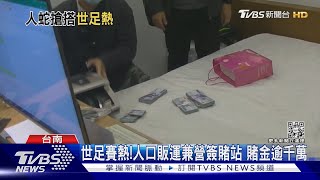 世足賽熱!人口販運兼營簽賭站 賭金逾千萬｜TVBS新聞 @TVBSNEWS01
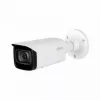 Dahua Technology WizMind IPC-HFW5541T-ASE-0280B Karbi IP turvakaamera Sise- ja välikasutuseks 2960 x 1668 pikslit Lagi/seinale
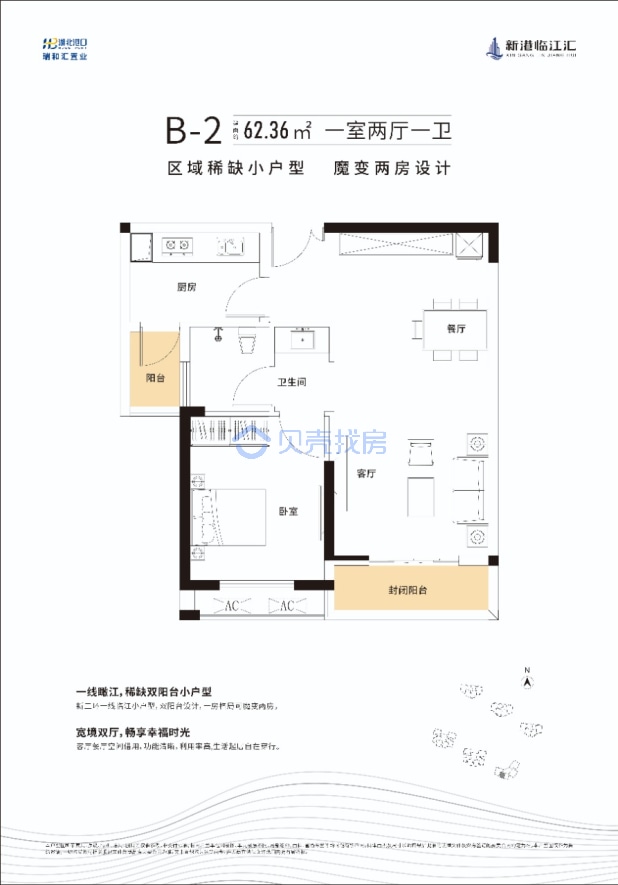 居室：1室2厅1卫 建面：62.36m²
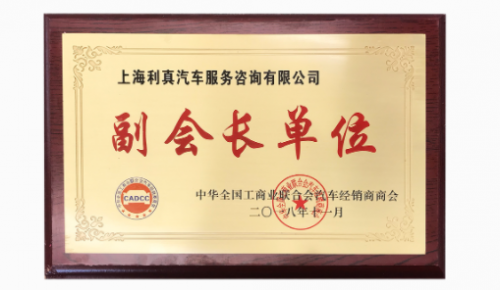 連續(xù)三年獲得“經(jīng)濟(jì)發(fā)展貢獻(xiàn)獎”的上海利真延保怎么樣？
──────
- PROBLEM TO SOLVE -
Recreate the listing above word for word, dropping each picture it contains.

- SOLUTION TO THIS EXERCISE -
 世足賽熱!人口販運兼營簽賭站 賭金逾千萬｜TVBS新聞 @TVBSNEWS01
 Dahua Technology WizMind IPC-HFW5541T-ASE-0280B Karbi IP turvakaamera Sise- ja välikasutuseks 2960 x 1668 pikslit Lagi/seinale
 居室：1室2厅1卫 建面：62.36m²
 連續(xù)三年獲得“經(jīng)濟(jì)發(fā)展貢獻(xiàn)獎”的上海利真延保怎么樣？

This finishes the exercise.